**What you have to do**
Output must consist only of the lines of the material below from the one with "Photo 1 of Amazon" through the one with "源头工厂春秋季新款长袖睡裙女双面纯棉加厚家居服可外穿图片色", each reproduced exactly; no pictures belong in it.

Data excerpts below:

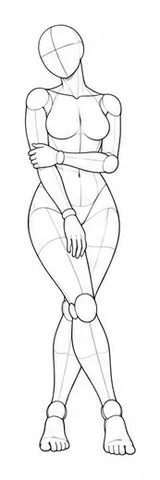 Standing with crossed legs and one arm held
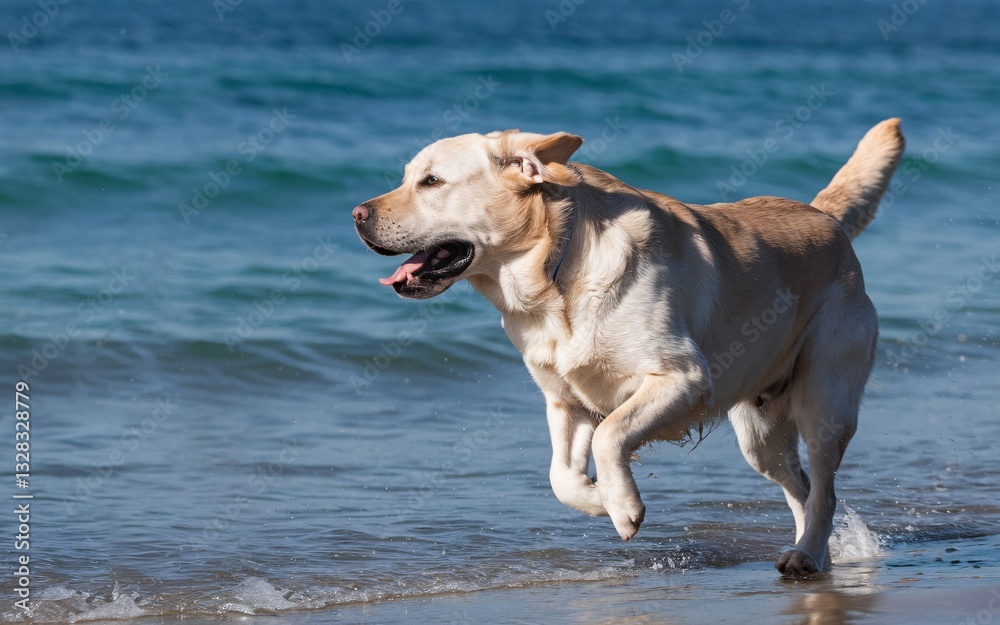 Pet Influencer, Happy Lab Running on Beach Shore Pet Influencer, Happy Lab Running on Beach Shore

End of Data excerpts.
Data excerpts below:

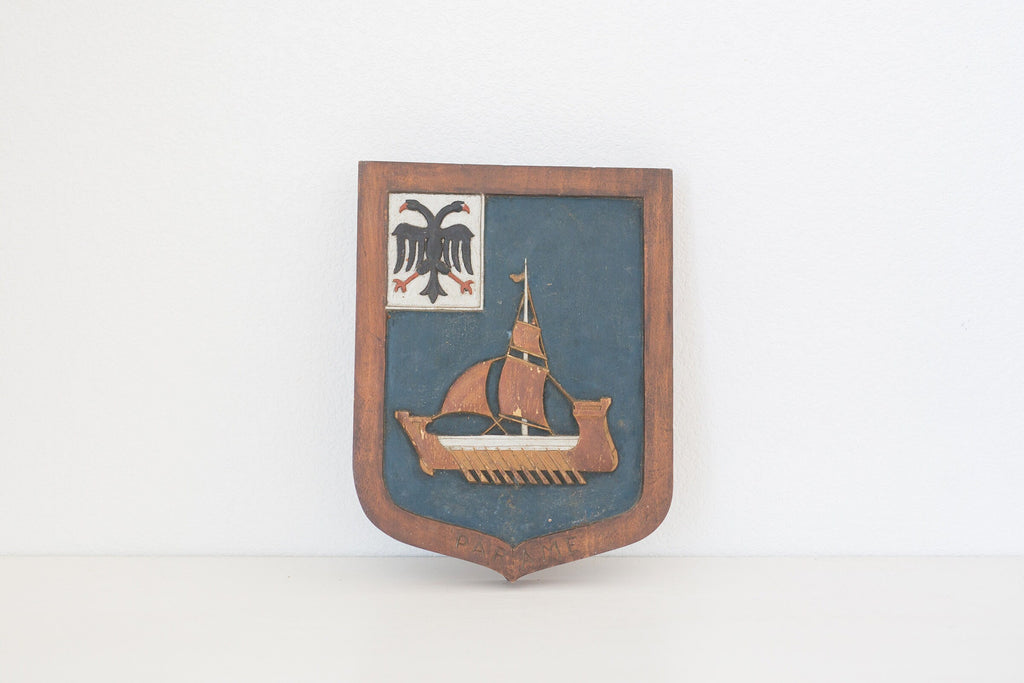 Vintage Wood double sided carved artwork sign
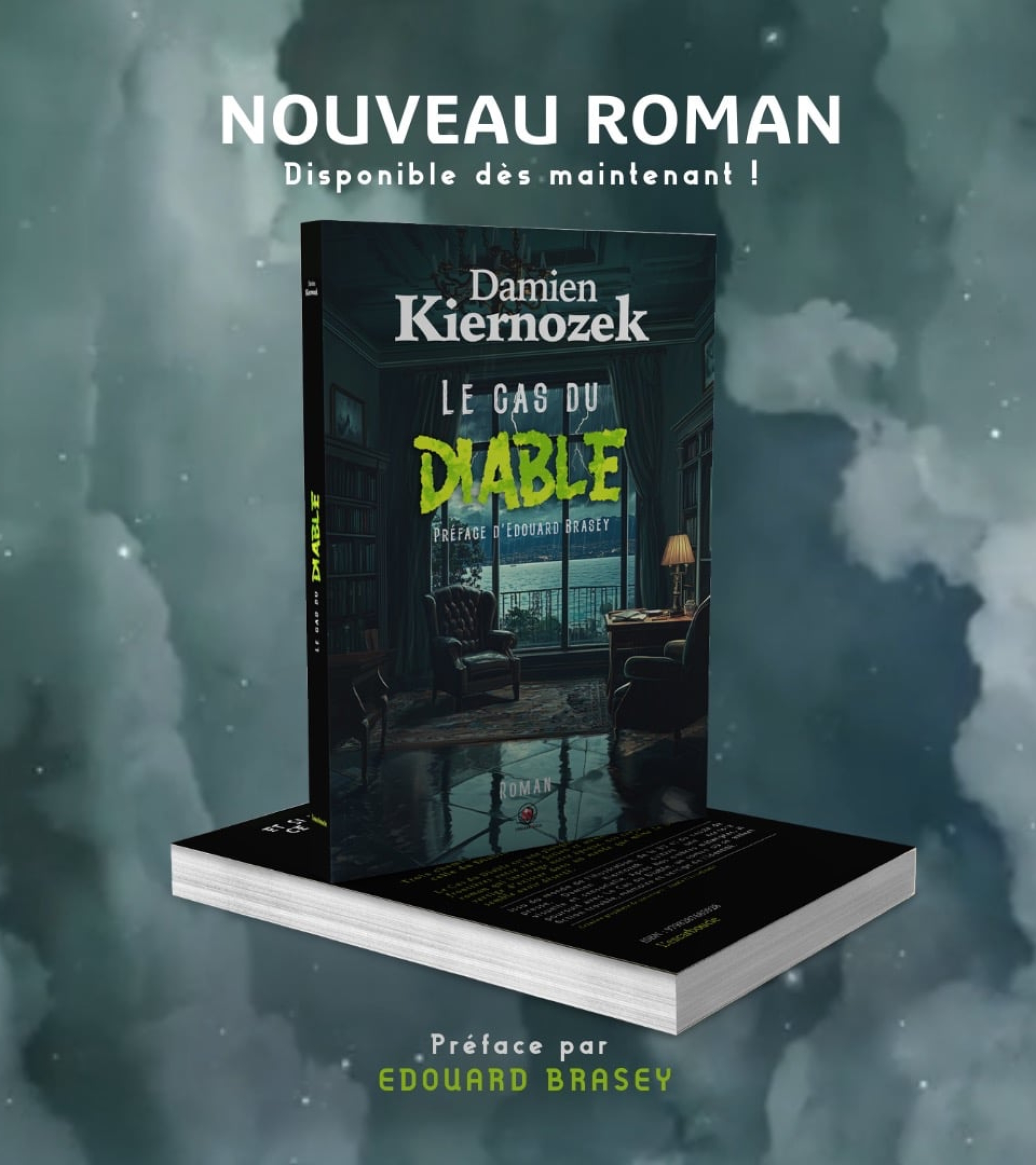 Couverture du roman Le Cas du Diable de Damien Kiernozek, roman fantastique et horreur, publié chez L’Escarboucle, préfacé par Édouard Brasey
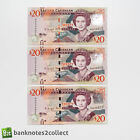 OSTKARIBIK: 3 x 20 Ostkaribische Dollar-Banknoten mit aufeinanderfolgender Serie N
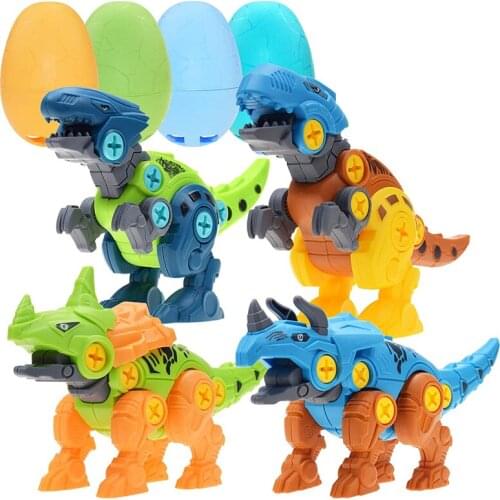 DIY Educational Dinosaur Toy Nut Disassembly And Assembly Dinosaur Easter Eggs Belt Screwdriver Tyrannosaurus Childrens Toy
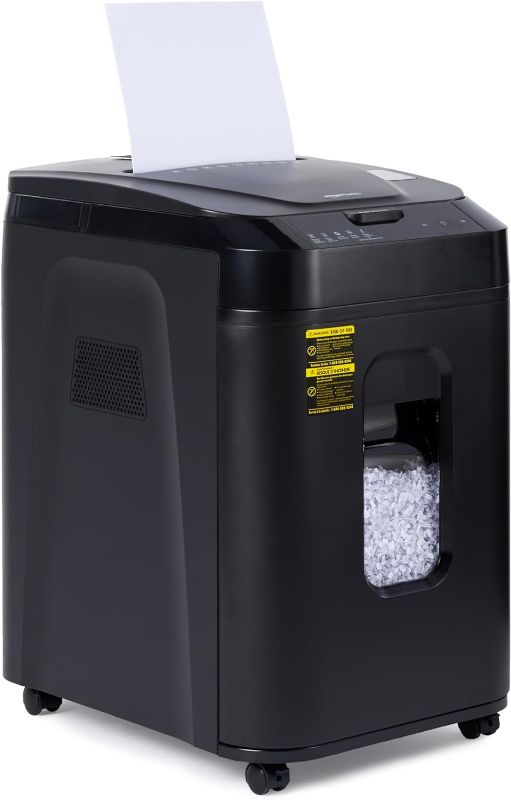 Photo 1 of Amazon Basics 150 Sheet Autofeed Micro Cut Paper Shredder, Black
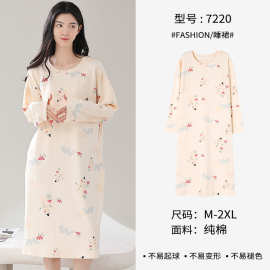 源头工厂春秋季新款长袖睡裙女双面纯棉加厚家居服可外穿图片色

End of Data excerpts.

**Exercise result**
 Photo 1 of Amazon Basics 150 Sheet Autofeed Micro Cut Paper Shredder, Black
 源头工厂春秋季新款长袖睡裙女双面纯棉加厚家居服可外穿图片色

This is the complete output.